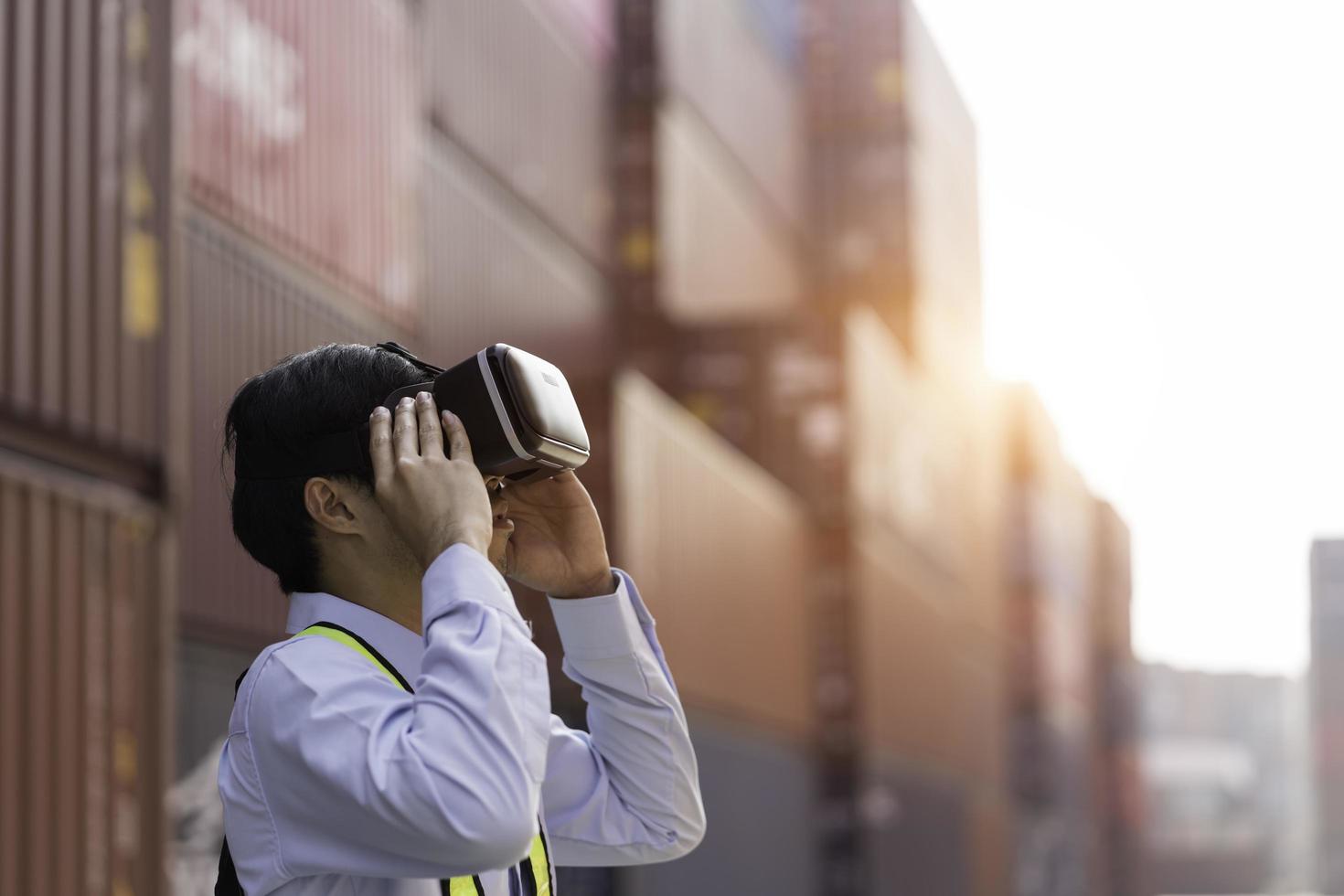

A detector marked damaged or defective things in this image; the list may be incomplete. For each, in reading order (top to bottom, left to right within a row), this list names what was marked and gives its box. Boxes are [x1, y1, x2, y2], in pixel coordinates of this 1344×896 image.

rusty container [178, 0, 419, 322]
rusty container [421, 0, 613, 265]
rusty container [0, 451, 166, 896]
rusty container [615, 368, 811, 741]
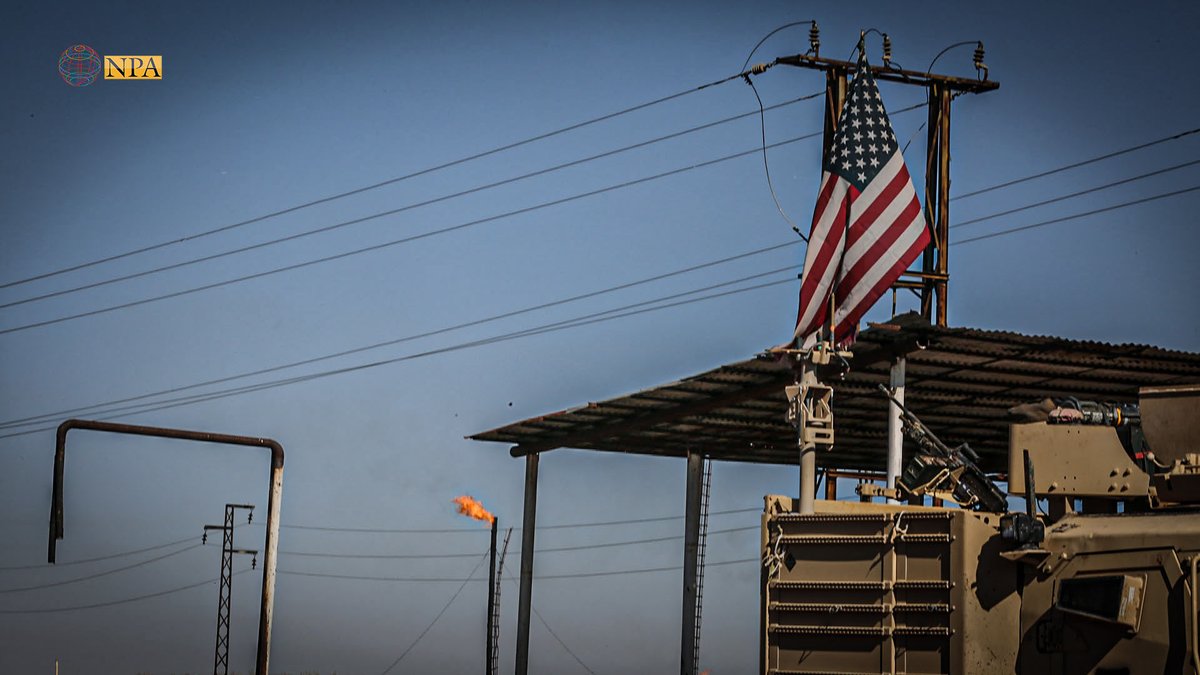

════════════════

*Task instructions*
Retype all entries exactly as they appear, dropping the images.

*Response*
A detector marked damaged or defective things in this image; the list may be incomplete. For each, in reading order (top to bottom, left to right within a row), this list names what was marked and gives its box. Boxes are [x1, y1, x2, y2], in pixel coordinates of this 1344×896 image.

rusty container [178, 0, 419, 322]
rusty container [421, 0, 613, 265]
rusty container [0, 451, 166, 896]
rusty container [615, 368, 811, 741]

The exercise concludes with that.